Items from a data source:

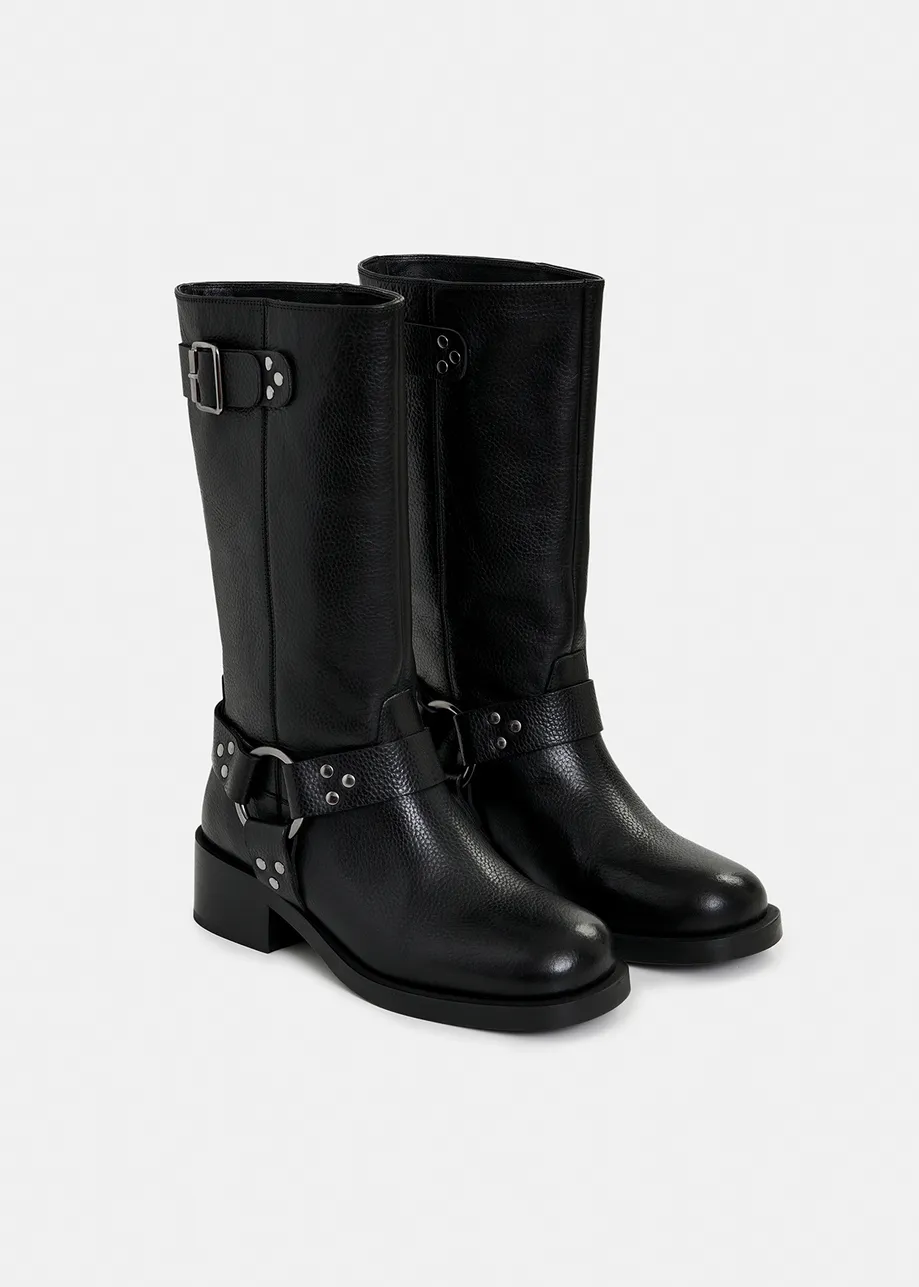 Black leather buckled boots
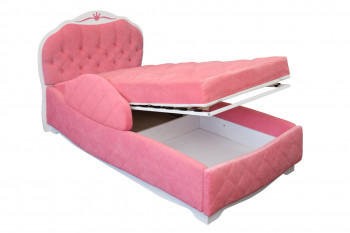 Кровать 190 Гармония Lux 32 Фиолетовый (мягкий бортик) в Енисейске - enisejsk.mebel54.com | фото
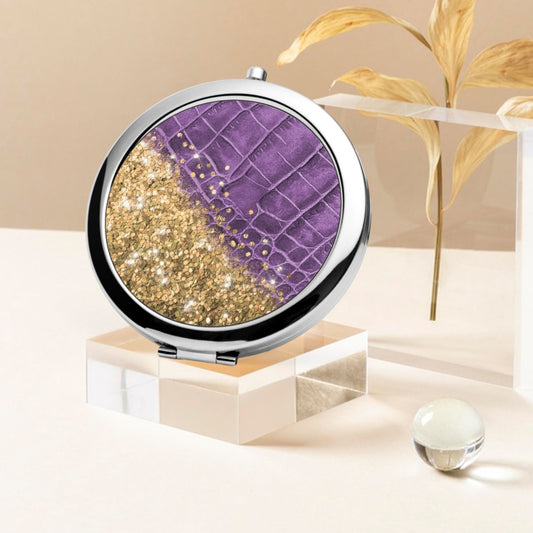 Gold Glitter & Purple Leather | Compact Mirror - Kim’s Signature Beauty & Accessories    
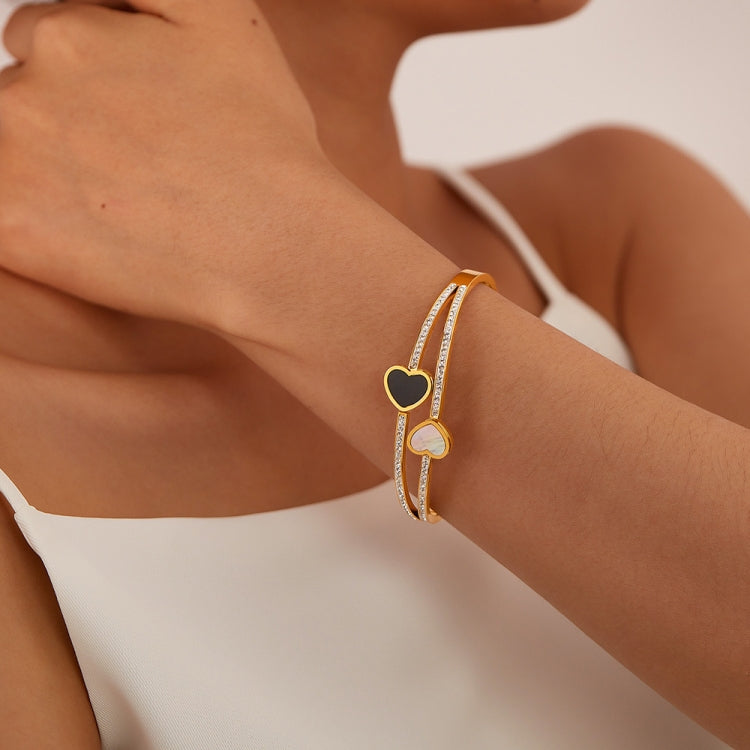 OPK GH1105 Stainless Steel Double Heart Black and White Shell Temperament Bracelet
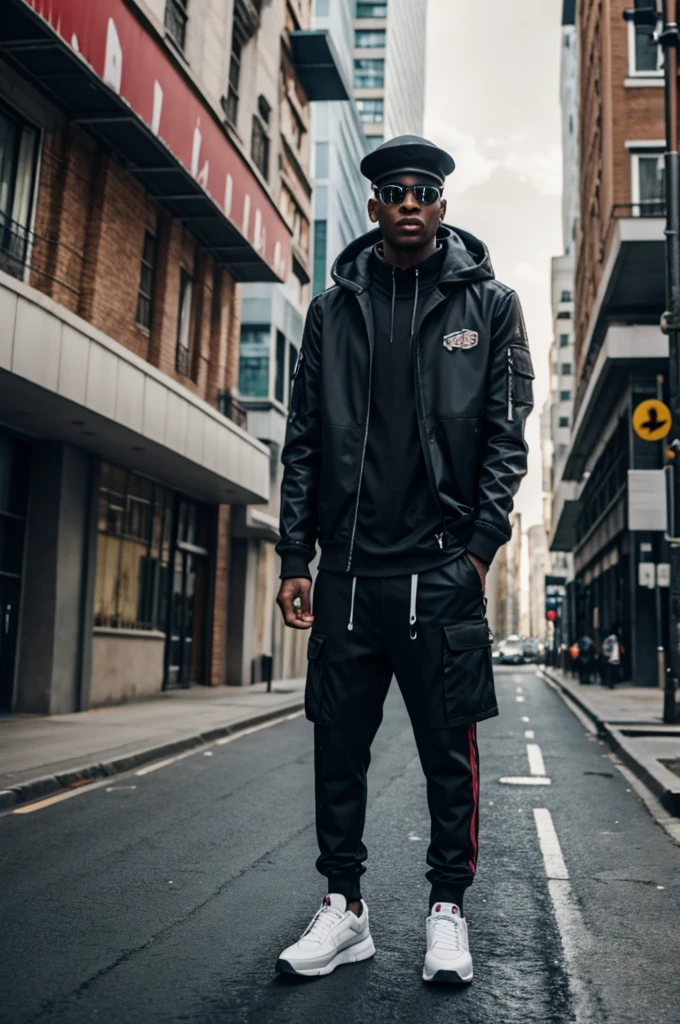 Create a futuristic urban clothing style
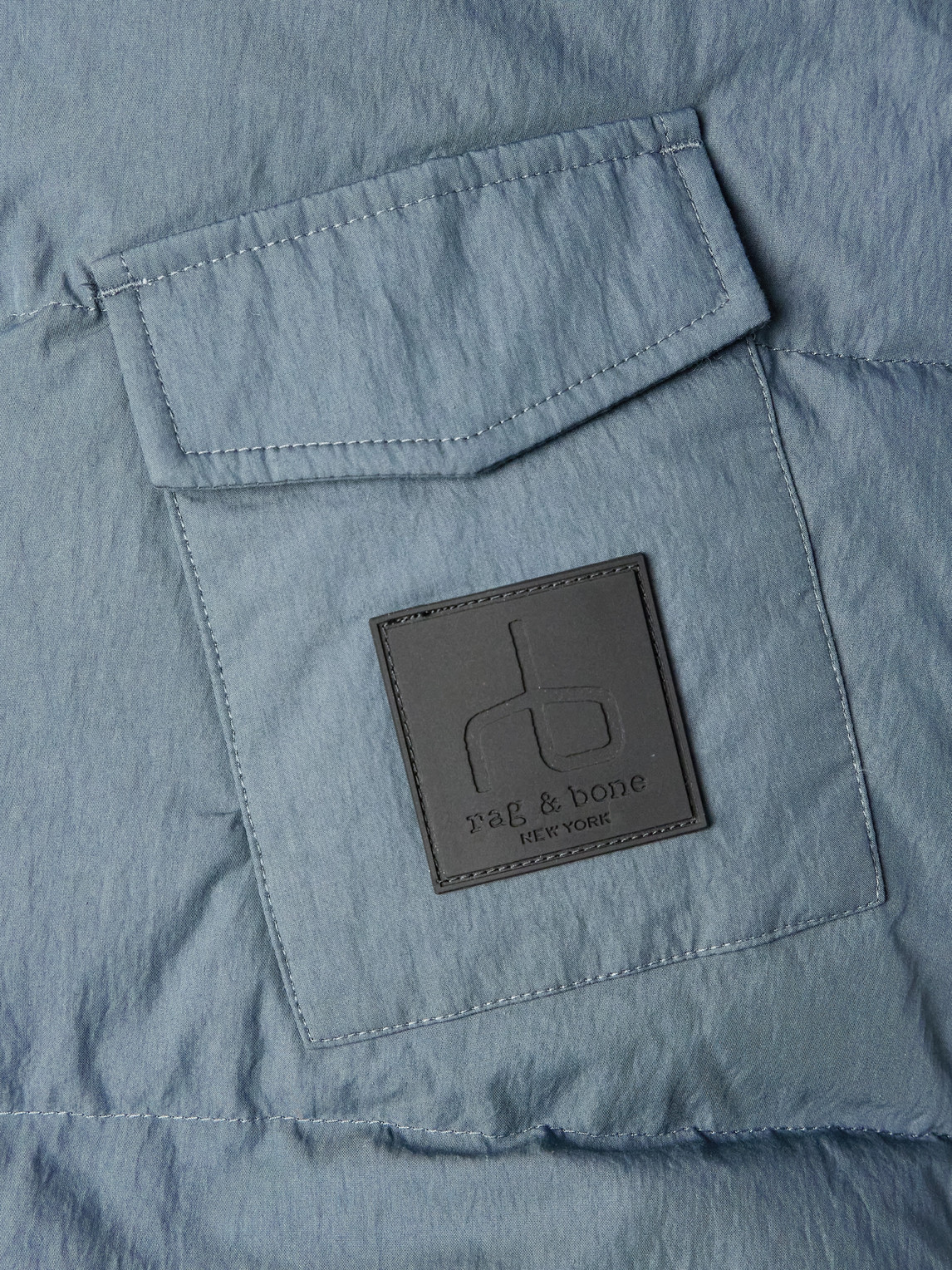 Rag & Bone Logo-appliquéd Quilted Cotton-blend Shell Hooded Down Jacket In Blue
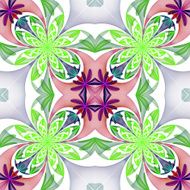Fabulous symmetrical pattern of the petals Green and purple palette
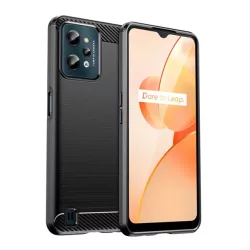   HUSĂ! - Protector de telefon din silicon (rezistență medie la impact, colț cu pernă de aer, periat, model carbon) NEGRU Realme C31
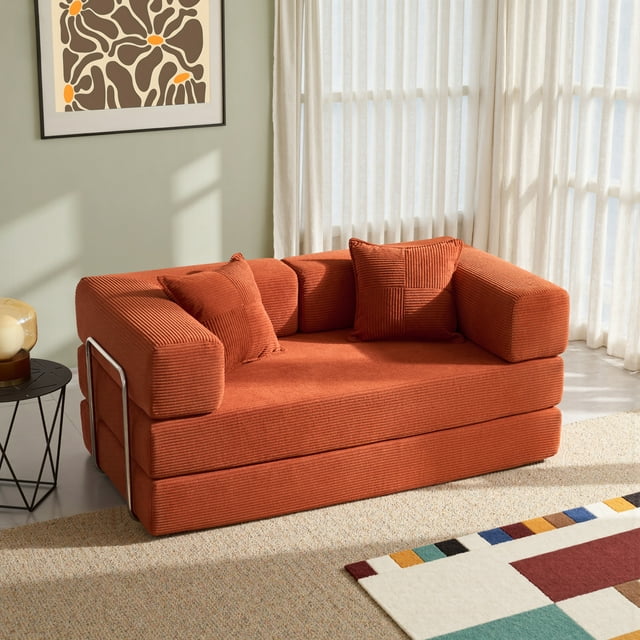 YINIX 62.9" Sofa Couch with Two Pillows, Comfy Modular Convertable Sofa Bed for Living Room and Small Spaces, Orange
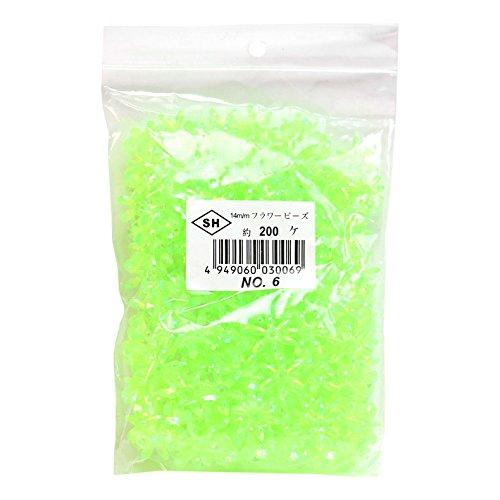 Shimamura Flower Beads 200-Piece Deluxe DX 14mm Light Green ASH-FL14-6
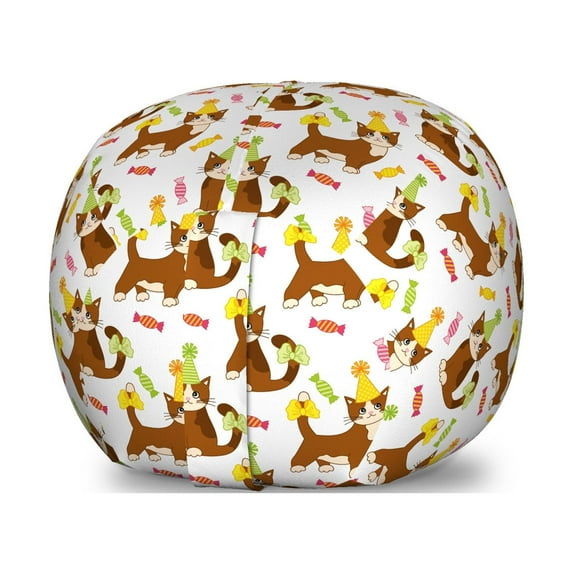 Kitten Storage Toy Bag Chair, Cartoon Style Cat Lover Pattern of Animal with a Party Hat and Sugars, Stuffed Animal Organizer Washable Bag, Large Size, White and Multicolor, by Ambesonne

Exercise objective:
Repeat every record precisely. Any picture among them stays out of the copy.

Finished exercise:
 Black leather buckled boots
 Кровать 190 Гармония Lux 32 Фиолетовый (мягкий бортик) в Енисейске - enisejsk.mebel54.com | фото
 Gold Glitter & Purple Leather | Compact Mirror - Kim’s Signature Beauty & Accessories    
 OPK GH1105 Stainless Steel Double Heart Black and White Shell Temperament Bracelet
 Create a futuristic urban clothing style
 Rag & Bone Logo-appliquéd Quilted Cotton-blend Shell Hooded Down Jacket In Blue
Fabulous symmetrical pattern of the petals Green and purple palette
   HUSĂ! - Protector de telefon din silicon (rezistență medie la impact, colț cu pernă de aer, periat, model carbon) NEGRU Realme C31
 YINIX 62.9" Sofa Couch with Two Pillows, Comfy Modular Convertable Sofa Bed for Living Room and Small Spaces, Orange
 Shimamura Flower Beads 200-Piece Deluxe DX 14mm Light Green ASH-FL14-6
 Kitten Storage Toy Bag Chair, Cartoon Style Cat Lover Pattern of Animal with a Party Hat and Sugars, Stuffed Animal Organizer Washable Bag, Large Size, White and Multicolor, by Ambesonne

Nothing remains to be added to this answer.